Thinking of Spiders

I speak a thousand tongues and understand the rest. Fluent in their languages, I communicate with spiders and birds and walruses. I hear grass grow before it breaks the surface of the soil, though the sound competes with the noise of grub worms chewing their way through acres of tangled roots, working their way toward freedom. If I listen carefully, I can barely make out the sound of salmons’ synapses firing when they dream about their struggles to reach the sea; the sound waves created by those thought processes are radically different from those of chickens contemplating what to do with those damn eggs.

All right, I’ll admit to fabrication; thinking fanciful thoughts does not make them real.

We cannot truly understood the depth of our ignorance. By trying, though, we make a start.
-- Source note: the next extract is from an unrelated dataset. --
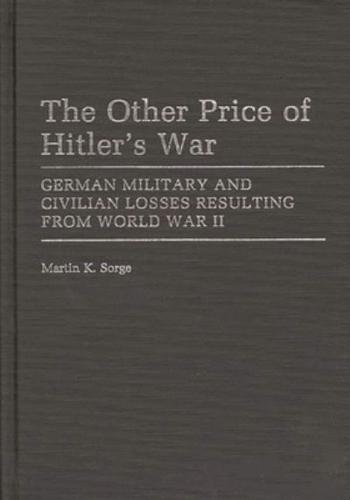 The Other Price of Hitler's War: German Military and Civilian Losses Resulting from World War II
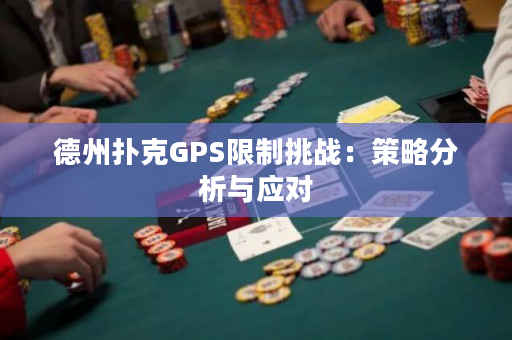 德州扑克GPS限制挑战：策略分析与应对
We should be startled and stunned and embarrassed by how little we know of our own physical world.  But, instead, we hide from and celebrate our ignorance, pretending it shows us to be the masters of all we survey.

Do spiders think? Do their thought processes mirror ours? Or do they experience the world in a different way than we do? Some people actually believe they can answer those questions. Oh, the arrogance!
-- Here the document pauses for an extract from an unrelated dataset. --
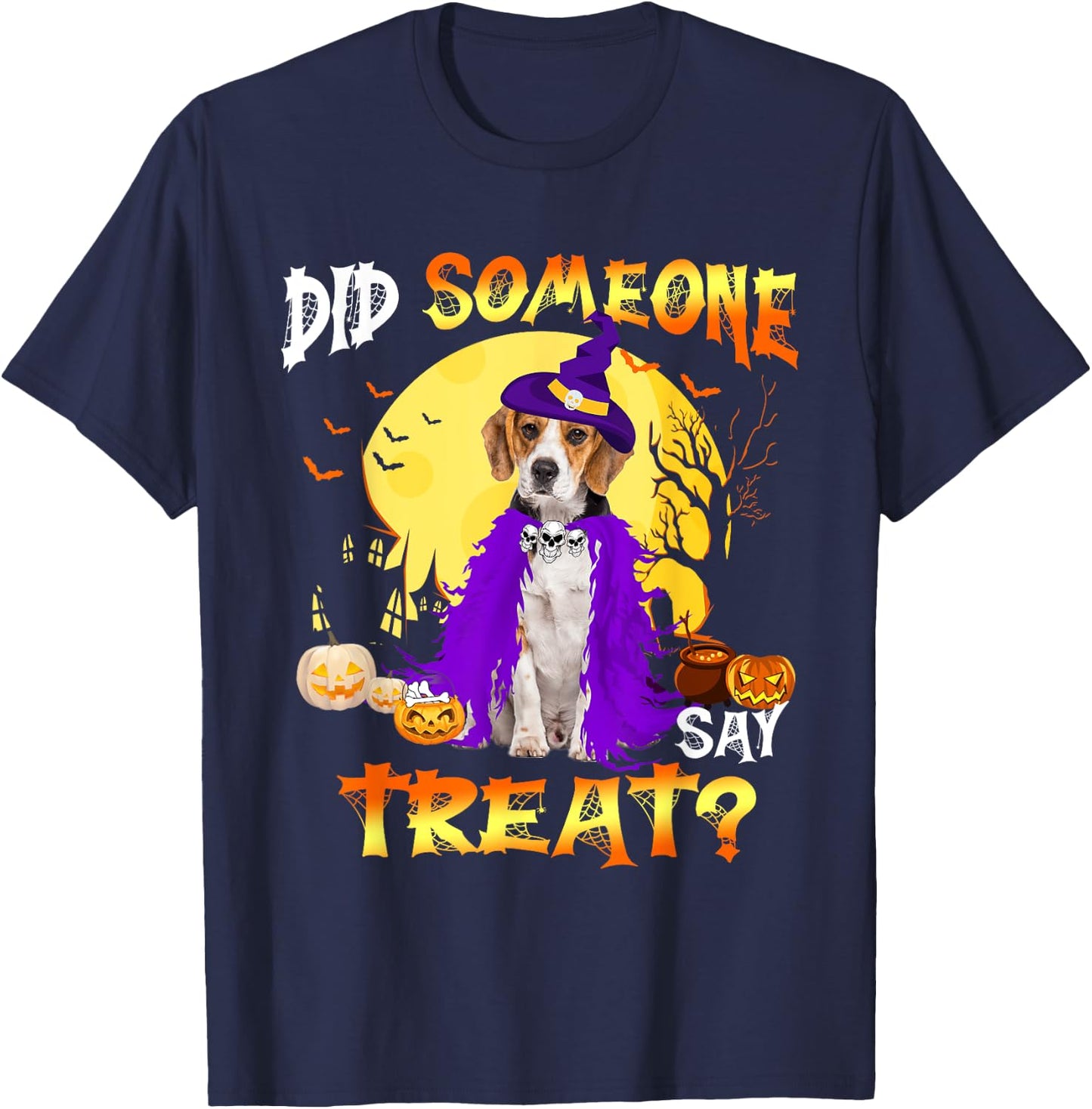 Beagle Dog Halloween Did Someone Say Treat T-Shirt - T-Shirt | Navy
If you have to know, it’s the spiders who control the planet. It’s the spiders. They are everywhere, even in the corners of your eyes while you sleep, sipping the moisture from the slick surface and bounding away to feed ocular nectar to their young. If you could converse with spiders, you might understand their attraction to ocular fluid.

If you could experience the world as a spider, you’d probably realize the absurdity of racism and religious objections to same-sex marriage, though you might discover spiders don’t give those matters even a fleeting thought.

I wonder, if you could experience the world as a spider, would you be awestruck by your ability to walk upside-down on ceilings or scale walls while standing upright?  Does the term “upright” have the same meaning to spiders that it does to humans?  I mean, if we spoke the same language, of course.

Experiencing the world as a spider, how would you justify eating your own young? Would a female human be able to come to grips with matriphagy, experiencing life as a spider?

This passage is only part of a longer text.